Enquanto as lojas de rua e os estabelecimentos físicos tradicionais registraram uma queda de 3,7 por cento na movimentação de clientes, o comércio eletrônico absorveu a demanda latente e disparou com um crescimento de 15,5 por cento nas transações. Os indicadores demonstram que a paralisação parcial das cidades em horários de jogos não elimina a intenção de compra do cidadão, mas transfere o ato do consumo para as plataformas digitais. O consumidor priorizou a comodidade de realizar pedidos pelo celular ou pelo computador para evitar grandes deslocamentos durante a mobilização gerada pelo torneio.
Desempenho setorial e o foco no abastecimento doméstico
A mudança momentânea de comportamento resultou em desempenhos bastante heterogêneos na análise por setores do comércio. Segmentos focados no abastecimento doméstico conseguiram capturar uma fatia importante do orçamento. Os supermercados e os hipermercados contabilizaram um avanço de 11,3 por cento em seus faturamentos, movimento que foi diretamente acompanhado pelo varejo alimentício especializado, o qual obteve alta de 10,7 por cento. O aquecimento veloz dessas categorias traduz a preferência por reuniões em residências, dinâmica que exige a compra antecipada de insumos e bebidas para os encontros nos momentos que antecedem o apito inicial.

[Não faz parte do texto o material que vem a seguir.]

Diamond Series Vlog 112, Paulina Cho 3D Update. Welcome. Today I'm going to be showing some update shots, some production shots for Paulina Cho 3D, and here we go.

A configuração do consumo acabou prejudicando as atividades que exigem a presença prolongada do público fora de casa. O setor de recreação e lazer sofreu a retração mais severa do dia, fechando o período com uma queda de 28,9 por cento. O macro setor de bares e restaurantes também operou no vermelho, recuando 14,6 por cento na data da partida. Apenas um recorte muito específico desse segmento, que envolve discotecas e bares focados na transmissão dos jogos ao vivo, conseguiu escapar da retração, apurando um aumento pontual de 6,4 por cento na movimentação financeira.
O impacto prévio na aquisição de eletroeletrônicos e bens duráveis
Os reflexos da competição esportiva no caixa das empresas começaram a ser contabilizados de fato semanas antes da primeira partida oficial. Entre os dias primeiro e sete de junho, o e-commerce focado na venda de móveis, eletrodomésticos e itens de departamento já registrava um salto expressivo de 13,1 por cento em relação ao faturamento obtido no mesmo período do ano anterior. O movimento nítido de preparação dos lares, com a busca voltada principalmente para a atualização de televisores e equipamentos de som, contrastou com as vendas físicas desse mesmo nicho, que encolheram 2 por cento no agregado nacional.

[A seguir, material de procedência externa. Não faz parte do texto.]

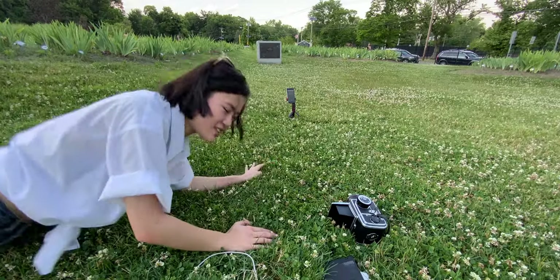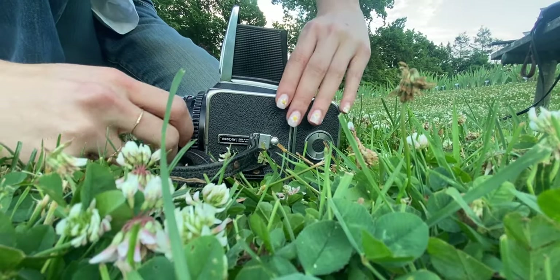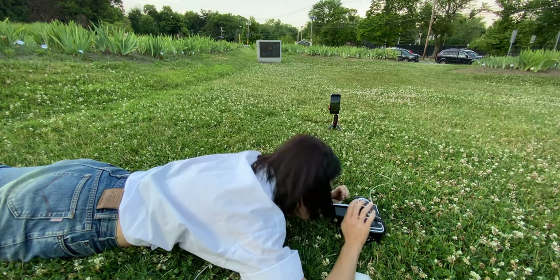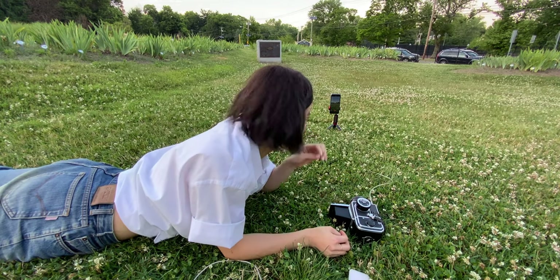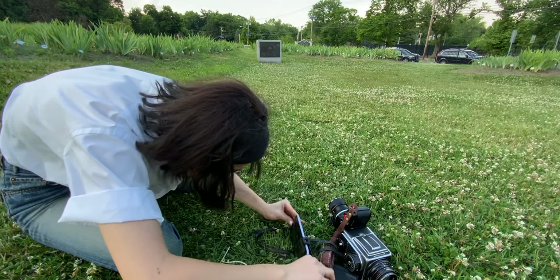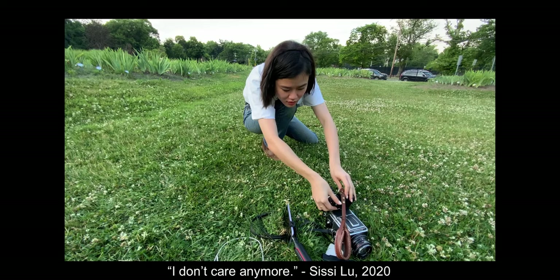This is stressful. Let's try to get the focus right. Put the camera on V. Do you think I should try to shoot at f/2.8? I don't have confidence — I think it's going to be way out of focus, but then again that's kind of cool. I'm using the Hasselblad as a stand. This is a mess. I don't care anymore.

No detalhamento do ambiente físico, as lojas de eletroeletrônicos localizadas dentro das dependências de shopping centers conseguiram se destacar com um crescimento de 8,4 por cento no período prévio ao torneio, ancoradas pela infraestrutura e atração contínua de público. Em movimento totalmente oposto, as lojas de rua do mesmo setor amargaram uma queda de 4,5 por cento. O mapeamento estatístico reforça a leitura técnica de que eventos de alcance nacional ditam uma nova dinâmica operacional momentânea, modificando as rotas de compra e alterando as categorias de produtos mais visadas pela população ao longo do mês.